Minkowski
Overview
Minkowski implements skip-gram training for learning word embeddings from continous text in hyperbolic space. Based on code from fastText, each word in the vocabulary is represented by a point on the hyperboloid model in Minkowski space. The embeddings are then optimized by negative sampling to minimize the hyperbolic distance of co-occurring words.
The differences to fastText are as follows:
- Word vectors are situated on the hyperboloid model of hyperbolic space.
- The similarity of two vectors is anti-proportional to their hyperbolic distance.
- In multithreaded training, individual word vectors are locked while being updated, so that no other thread can overwrite them and thus violate the constraint of the hyperboloid.
- The option to specify start and end learning rates and a number of burnin epochs with lower learning rate.
- It is possible to store intermediate word vectors using the checkpoint command line argument.
- It is possible to specify the power to which the unigram distribution is raised for negative sampling.
Installation
In order to build the executable, a recent C++ compiler and CMake need to be installed (tested with g++ 5.4.0 and CMake 3.11.0-rc2).
The following commands produce the executable minkowski in the build directory :
git clone ... ./minkowski
cd .. & mkdir minkowski-build & cd minkowski-build
cmake ../minkowski
make
Usage
The following command line parameters are available:
$ ./minkowski
Empty input or output path.
-input training file path
-output output file path
-min-count minimal number of word occurences [5]
-t sub-sampling threshold (0=no subsampling) [0.0001]
-start-lr start learning rate [0.05]
-end-lr end learning rate [0.05]
-burnin-lr fixed learning rate for the burnin epochs [0.05]
-max-step-size max. dist to travel in one update [2]
-dimension dimension of the Minkowski ambient [100]
-window-size size of the context window [5]
-init-std-dev stddev of the hyperbolic distance from the base point for initialization [0.1]
-burnin-epochs number of extra prelim epochs with burn-in learning rate [0]

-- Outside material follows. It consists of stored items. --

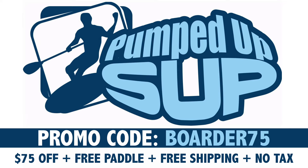Founded in 2011, Pumped Up SUP specializes in inflatable SUPs and accessories. The company is made up of serious paddling enthusiasts who use all of the gear that they sell, and they're dedicated to providing top-shelf customer support both before and after a sale is made.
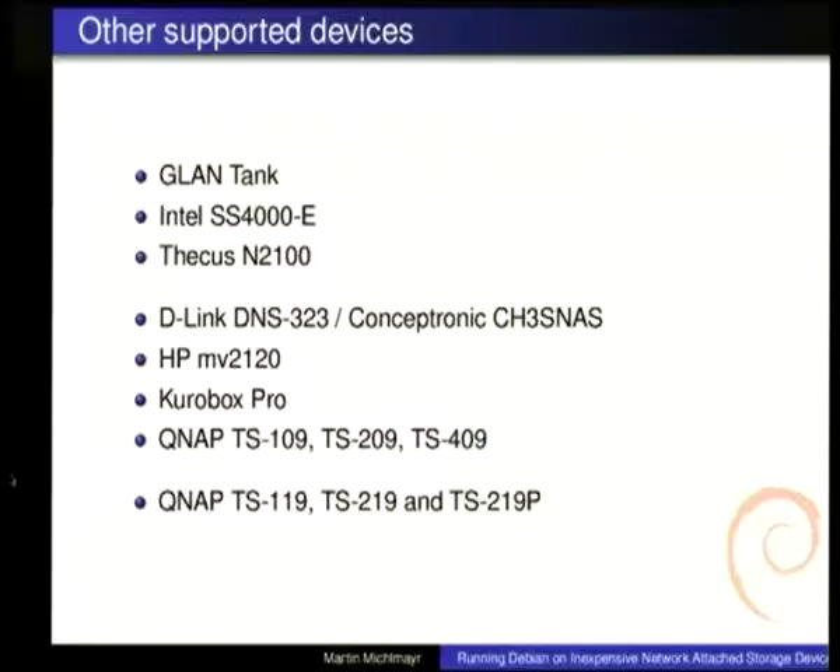The Kurobox works pretty well, but it's more aimed at developers. The device you can buy in the shop is called the LinkStation, and it would be very easy to support because it's very similar to the Kurobox, but no one has actually done that work. Then we have the various QNAP devices — those are definitely the devices with the best support. The company has been very helpful and very supportive, and the only problem is they're a little bit expensive. The last platform is the Marvell Kirkwood line, which runs at about 1 or 2 gigahertz — much faster than the Marvell Orion — and is currently being worked on.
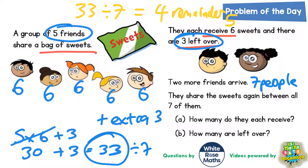And there is the answer to parts A and B. How many do they each receive? Well they each are going to receive four sweets — each of the seven people will receive four sweets. And how many are left over? That's our remainder, so there is five left over.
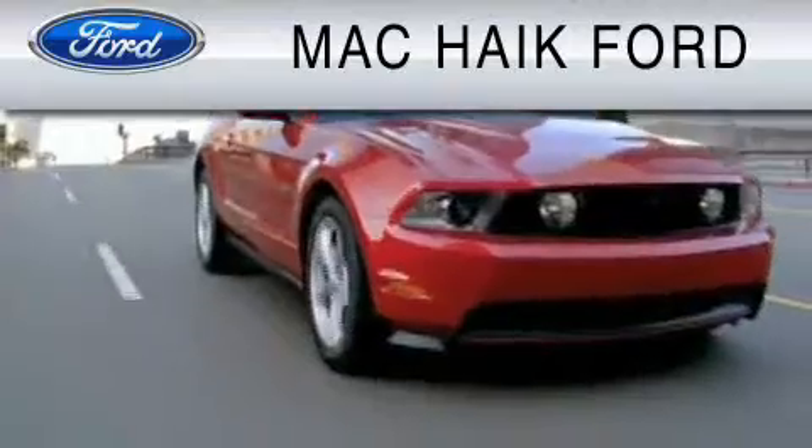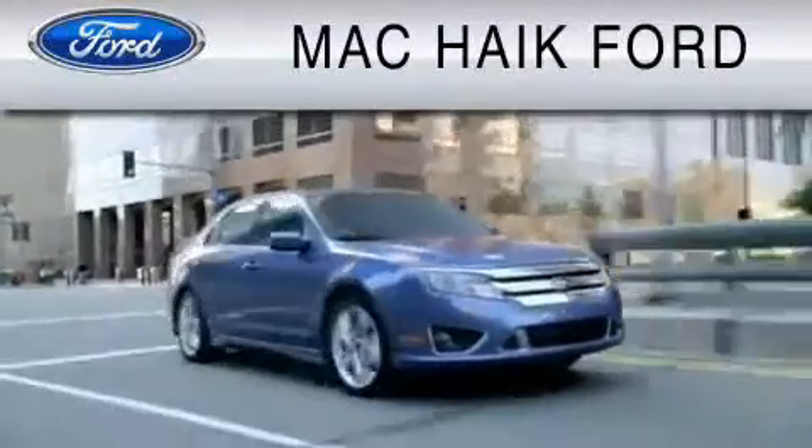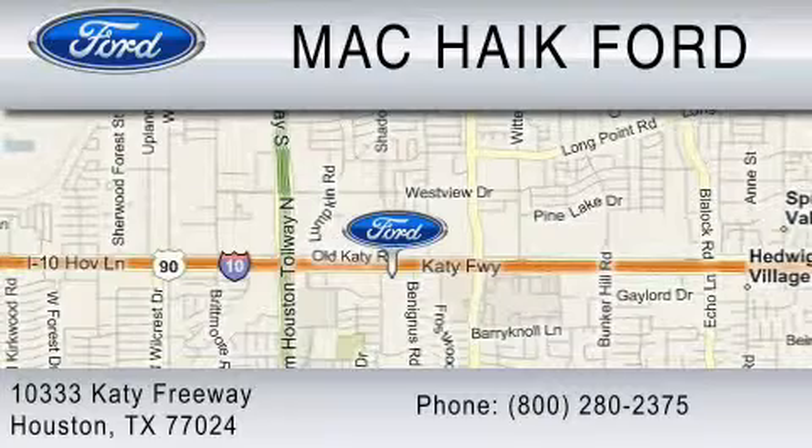For everyday low pricing on new and used Ford cars and trucks, visit Mack Hike Ford. We are located at 10333 Katy Freeway in Houston. You can reach us at 800-280-2375.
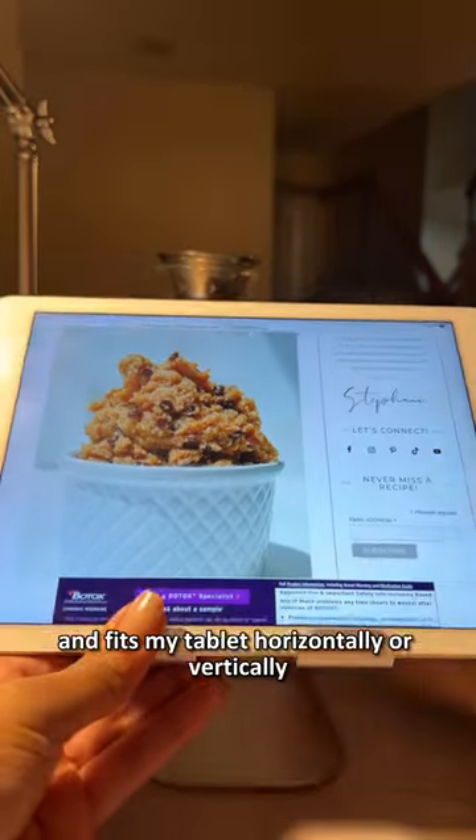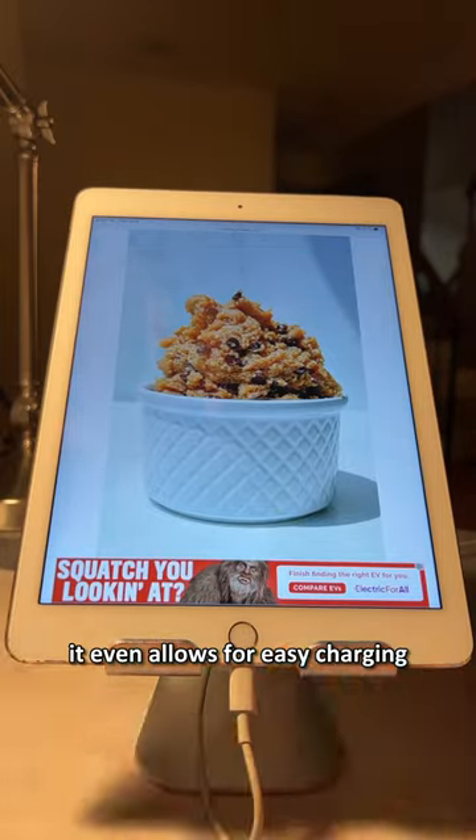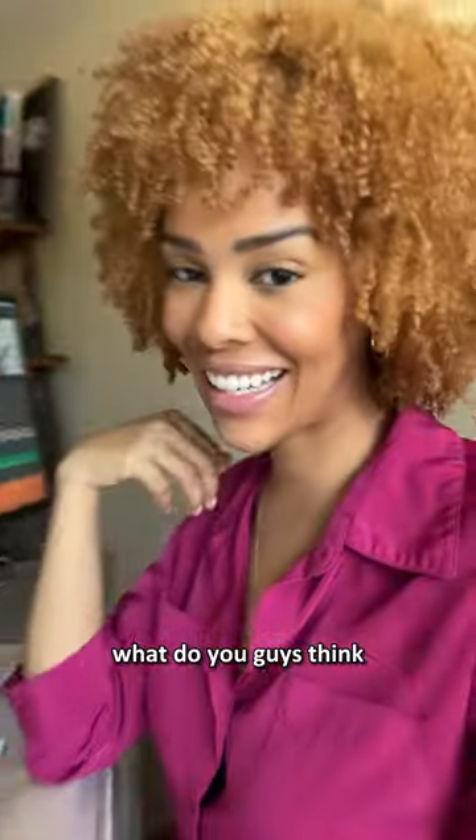It's adjustable and fits my tablet horizontally or vertically. It even allows for easy charging and it really fits my aesthetic. I feel like my setup is finally complete. What do you guys think?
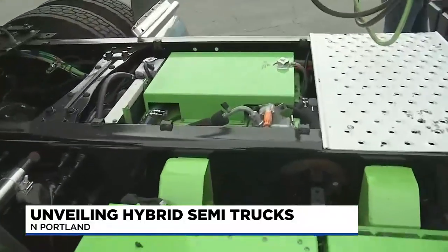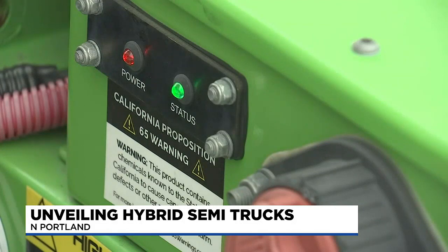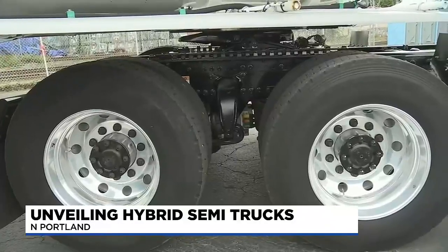The system uses a battery and captures energy from the truck to help natural gas powered trucks have more power when climbing hills. The e-axle captures energy from regenerative braking and stores it in the battery pack.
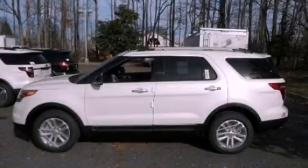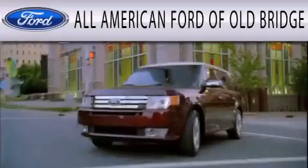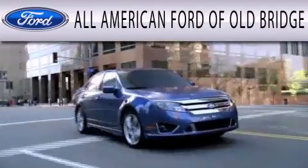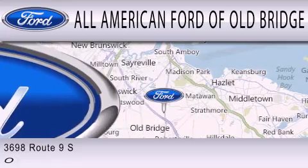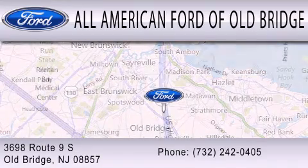This vehicle won't last long at this price. Call and arrange a test drive now. All-American Ford of Old Bridge is dedicated to doing everything possible to ensure that the experience you have selecting your next vehicle is as pleasant as possible. We are located at 3698 Route 9 South in Old Bridge.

-epochs number of epochs with learning rate linearly decreasing from -start-lr to -end-lr [5]
-number-negatives number of negatives sampled [5]
-distribution-power power used to modified distribution for negative sampling [0.5]
-checkpoint-interval save vectors every this many epochs [-1]
-threads number of threads [12]
-seed seed for the random number generator [1]
n.b. only deterministic if single threaded!
An example call looks like this:
$ ./minkowski -input textfile.txt -output embeddings -dimension 50 -start-lr 0.1
-end-lr 0 -epochs 3 -min-count 15 -t 1e-5 -window-size 10 -number-negatives 10
-threads 64
References
[1] Tomas Mikolov, Kai Chen, Greg Corrado, Jeffrey Dean: Efficient estimation of word representations in vector space. arXiv preprint arXiv:1301.3781. [pdf] (https://arxiv.org/pdf/1301.3781.pdf?)
[2] Maximilian Nickel, Douwe Kiela: Poincaré Embeddings for Learning Hierarchical Representations. NIPS 2017. [pdf](https://papers.nips .cc/paper/7213-poincare-embeddings-for-learning-hierarchical-representations.pdf)